Scribd has been in an agile transition for two years now and as we iterate and improve with company growth we have needed to reevaluate a number of practices such as utilizing story points.

Story points in agile are a way of estimating how much work something is. They are deliberately not exact functions of difficulty and time. You will never know all the complications when you start a project. Even something as simple as making dinner can get tripped up by a missing ingredient or a dirty pot, so too can software projects. Our first foray into story points was done with a small group of folks who had a good understanding of the practice and its implementation. When rolling story points out across the broader organization we made a couple mistakes, namely that we didn’t socialize that change both across the organization and upwards.

It can be very easy to say “oh, that’s 8 points” in a planning meeting, but that’s hard to translate into a meeting where we cover all the projects currently in flight, especially when trying to arrive at a target and actual done date for the project or task. We had a tendency to get attached to those dates, making plans across the organization. Then when a team would slip on that translated schedule, everybody would get upset!

The team would be upset because they knew that “8 points” was an estimate that accommodated their internal understanding of a period of time. Management would be upset because things slipped from their translated schedule which was itself based on a global translation of story points into time.

Stop! (source)

So..story points got banned from the management meeting. Project managers could then only speak to deadline dates and added language that mentioned things like ‘best estimate’ and ‘could slip’ to hedge around the fact that software development isn’t an exact science. We still talked in story points in our team meetings but it was a verboten term outside that space which led to its own tensions.

One of the other reasons story points got banned was the nature of the imprecision. Yes, points should be specific to the team but our velocity was completely unpredictable from team to team. Sometimes it would be 20 points and others 50. Regression passes were sometimes included and pointed, sometimes they weren’t. It started with a team of more junior developers and QA that had one of the aforementioned velocity issues. We asked them how big a 3/5/8 was and got a different answer from each of them. We had found the underlying problem that had given story points a bad name!

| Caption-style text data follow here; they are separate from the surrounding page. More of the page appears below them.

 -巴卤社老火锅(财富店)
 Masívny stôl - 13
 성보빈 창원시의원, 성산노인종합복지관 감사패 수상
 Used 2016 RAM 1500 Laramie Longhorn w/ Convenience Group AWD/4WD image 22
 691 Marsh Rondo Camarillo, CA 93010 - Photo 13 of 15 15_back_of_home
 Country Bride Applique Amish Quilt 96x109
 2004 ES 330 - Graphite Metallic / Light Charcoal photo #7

It was time to go back to basics. We had a “story pointing workshop” with that team. The team already had strong communication and had a safe space, a retrospective, to talk through the issue of why their understanding was all over the map. Some of it was because they were more junior and were less likely to know where the problems were in the code base, but some of it was because we had just assumed that everyone knew what a 5 might entail. An hour later we had a white-board covered in notes with items under each number in the Fibonnaci sequence. Items that included things from each of the developers, QA and the squad lead (in this case a senior developer). We did it again with the entire mobile QA team, sharing some of the findings after we first did the brainstorm fresh, sharing where that team had seen points falling. It turned into a wiki page that was shared within the project management team, and it spread from there.

Different efforts are different! (source)

We were clear throughout this process that points were still team specific and that none of this was to be taken as hard and fast rules but it gave teams a place in which to start the conversation and have common ground. We don’t want to make it sound like all the teams were terrible at making story point estimates, or bad having reliable velocity, but the variability often exceeded 10%. Larger variance made it hard for management to show trust in our date estimates. With some common guidelines, it became easier for teams to have more accuracy, which led to more trust in deadlines, which ultimately gave us a way to talk about story points again.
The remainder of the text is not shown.